**PROMPT:** Lines from the one with "Borsa a mano" up to and including the one with "Kies-Motorsports Simply Carbon" are to be copied exactly from the records below, without their pictures.

**RECORDS SHOWN:**

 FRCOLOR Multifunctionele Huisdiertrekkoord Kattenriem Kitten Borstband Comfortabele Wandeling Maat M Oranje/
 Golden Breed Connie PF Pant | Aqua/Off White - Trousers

...

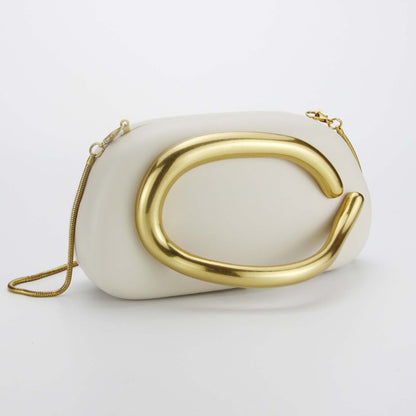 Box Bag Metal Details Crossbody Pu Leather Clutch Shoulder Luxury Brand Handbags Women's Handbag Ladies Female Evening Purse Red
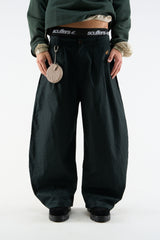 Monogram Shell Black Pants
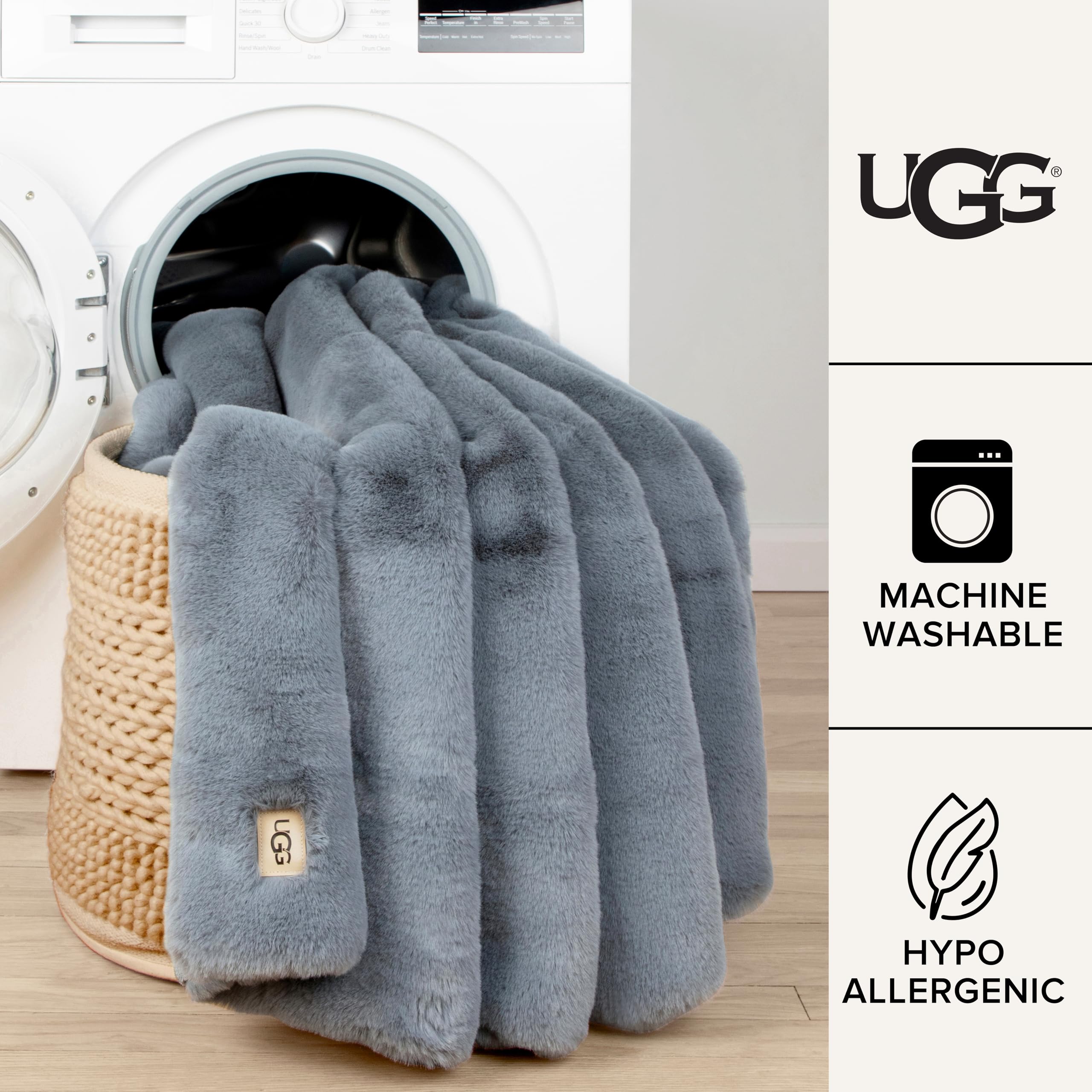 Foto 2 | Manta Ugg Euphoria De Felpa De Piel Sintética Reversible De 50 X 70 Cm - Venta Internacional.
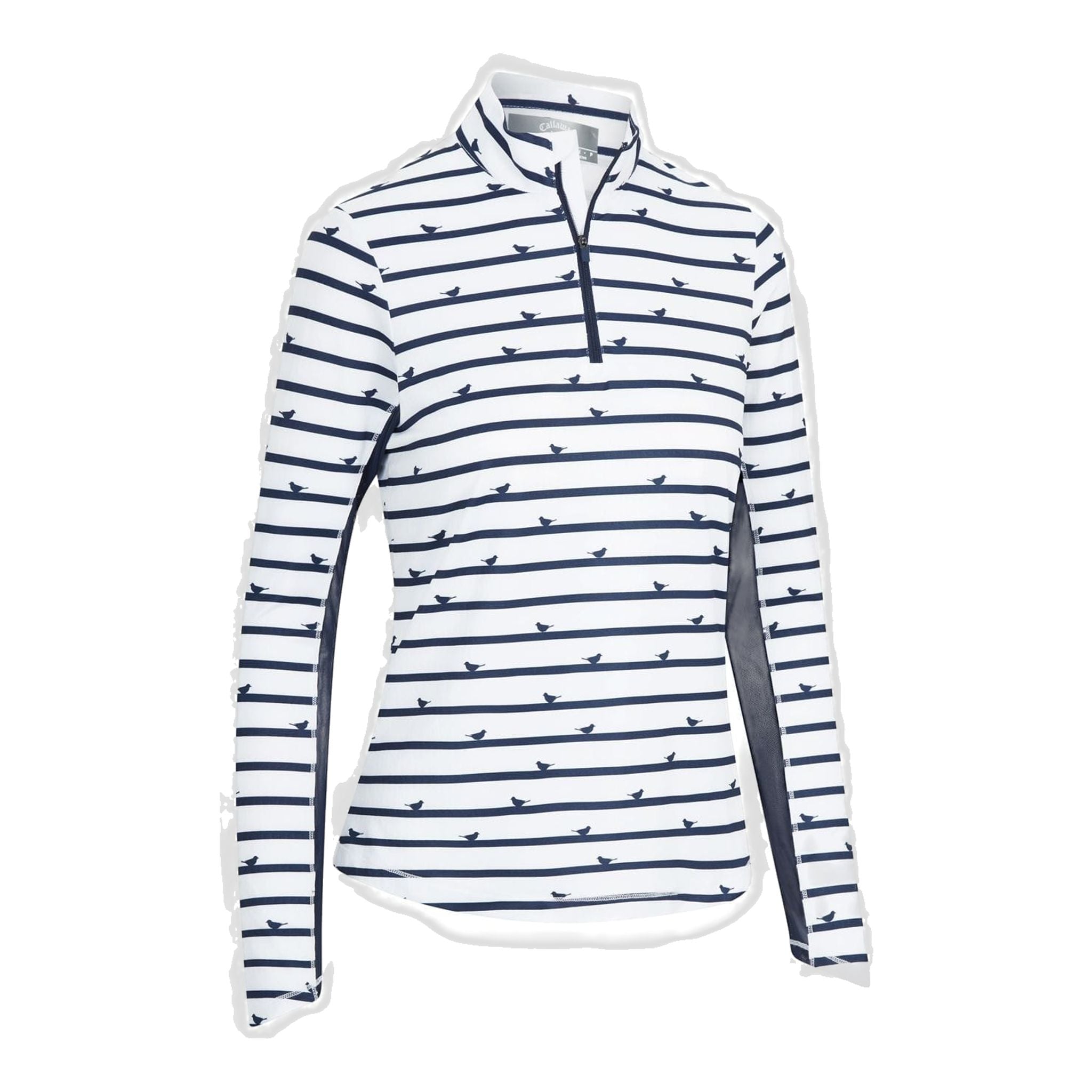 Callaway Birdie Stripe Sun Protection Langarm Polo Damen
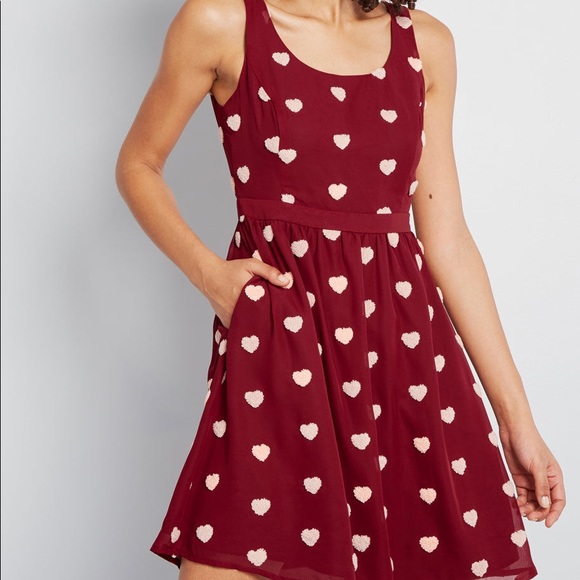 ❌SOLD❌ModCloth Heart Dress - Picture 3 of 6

--

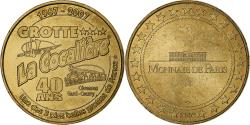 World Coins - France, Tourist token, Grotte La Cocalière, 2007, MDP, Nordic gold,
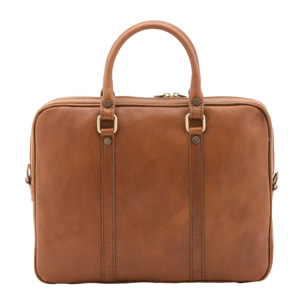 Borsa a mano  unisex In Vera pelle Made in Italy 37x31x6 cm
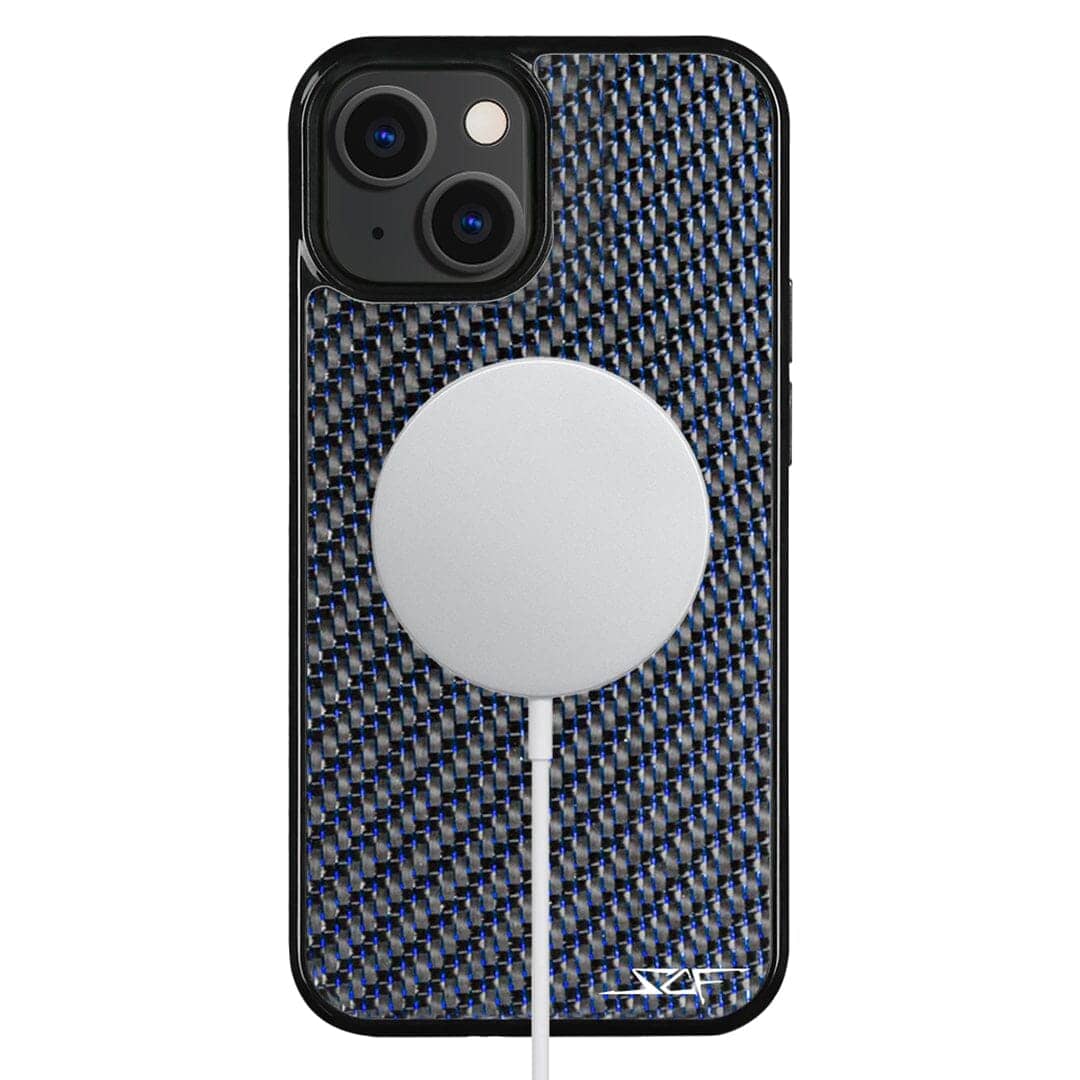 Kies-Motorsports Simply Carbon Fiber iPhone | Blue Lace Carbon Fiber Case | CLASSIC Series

**ANSWER BELOW:**
 Borsa a mano  unisex In Vera pelle Made in Italy 37x31x6 cm
 Kies-Motorsports Simply Carbon Fiber iPhone | Blue Lace Carbon Fiber Case | CLASSIC Series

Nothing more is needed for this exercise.